Créer les conditions économiques de la sécurité de tous c’est rendre la liberté à chacun de s’interroger sur la pleine ‘’réussite’’ de sa vie, ou plus précisément : les conditions de son bien-être (cf. pyramide de Maslow). Là où la simple fraternité républicaine a échoué, ayons le courage de la solidarité. Repensons nos valeurs, pour que le bien-être ne rime pas qu’avec famille, emploi salarié, et richesse matérielle. Valorisons ceux qui œuvrent pour le bien commun, la préservation de notre patrimoine collectif (la paix, la sécurité, la stabilité, les ressources naturelles, la santé, etc.). Ayons l’audace d’une nouvelle éthique républicaine, illustrée par nos choix politiques et portée par l’enseignement scolaire :

• définition collective de ce que serait une ‘’réussite collective’’ pour notre société : qu’est-ce que le bien-être ?

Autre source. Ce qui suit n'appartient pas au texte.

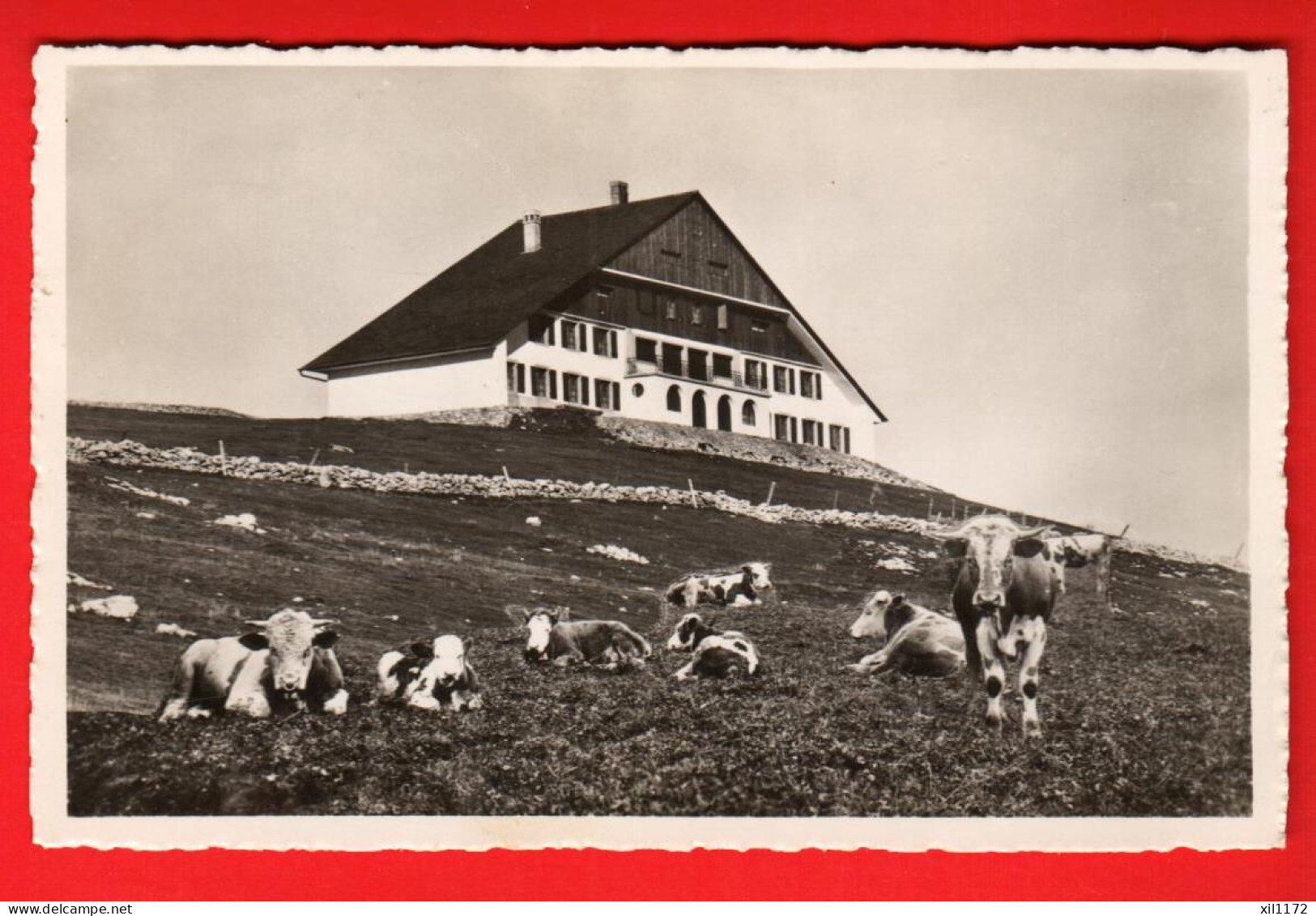 ZVG-36  Hotel Du Chasseral. Troupeau De Vaches Circulé En 1942 Avec Cachet Nods. Visa ACF 1939  - Nods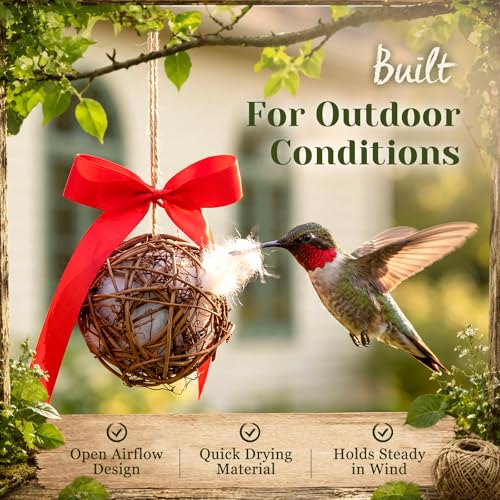 Hummingbird Nesters, 3 Pack Bird Nesting Material Holder with Bow, Refillable Hummingbird Nesting Balls for Wild Birds Finch Wren Garden Outdoor Gift Decoration
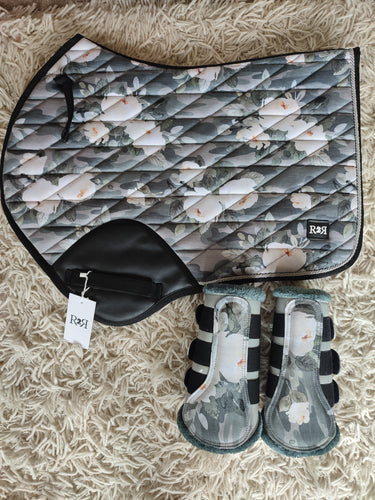 Saddle Pad Set with BRUSHING Boots CAMO FLORAL (no bonnet)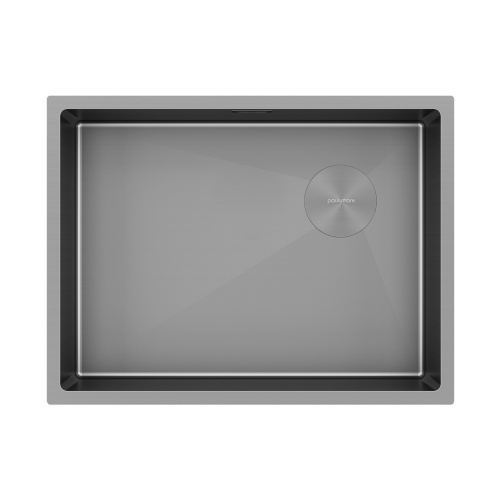Мойка кухонная Paulmark NEXT-SKEW 58 UNI PM885844-MG 58х44 серый матовый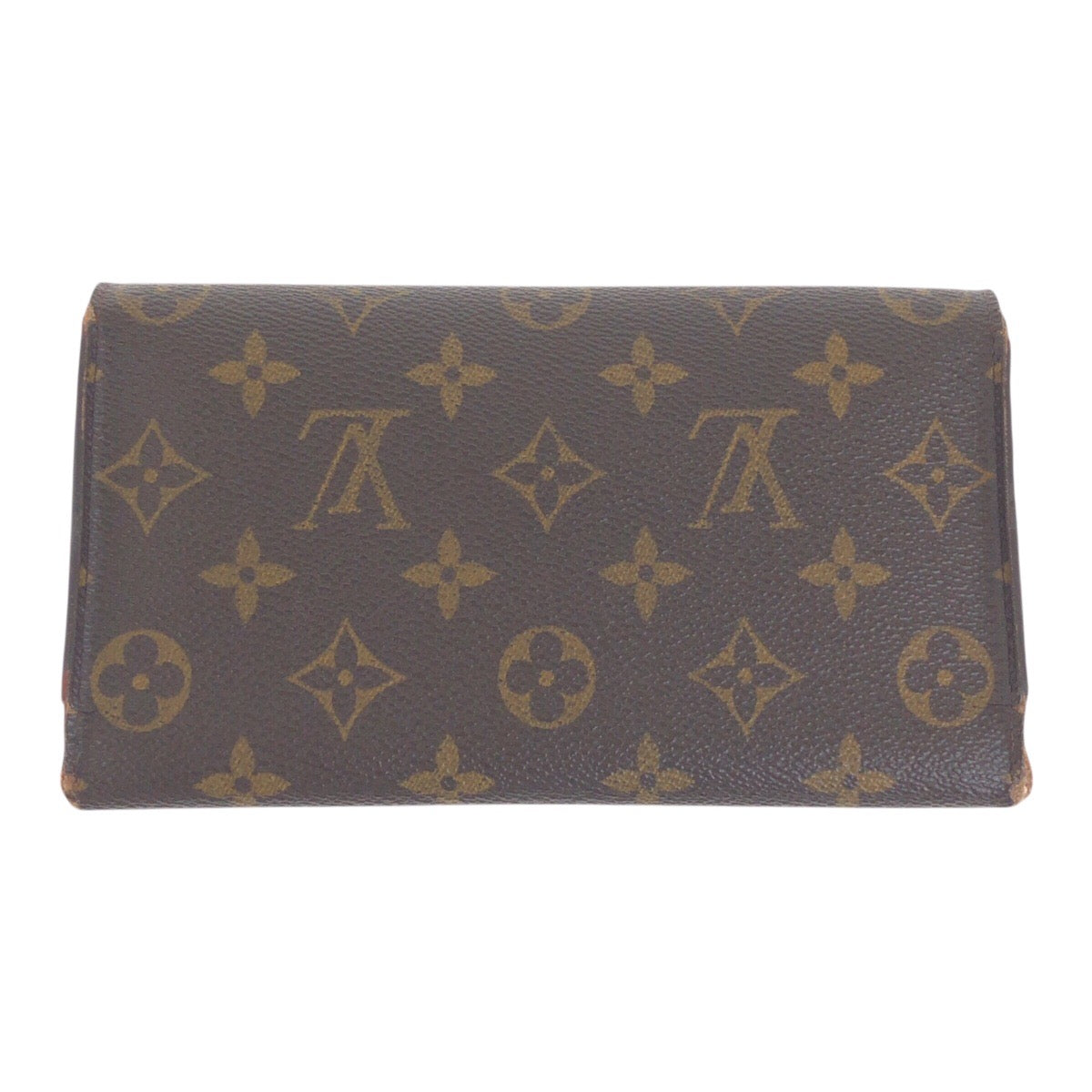 LOUIS VUITTON Long Wallet Purse M61215 PVC Brown Gold Metal Monogram Porte Tresor International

• politiques publiques définies selon ces critères de bien-être collectif et pas seulement de croissance du PIB

• plateforme de contribution volontaire (don ou prêt sans intérêt) à des projets publics au choix : recherche fondamentale, éducation, santé, énergie, etc. au niveau local ou national

• création d’une sécurité sociale de l’alimentation (distribution de bons valables uniquement pour des produits agricoles locaux)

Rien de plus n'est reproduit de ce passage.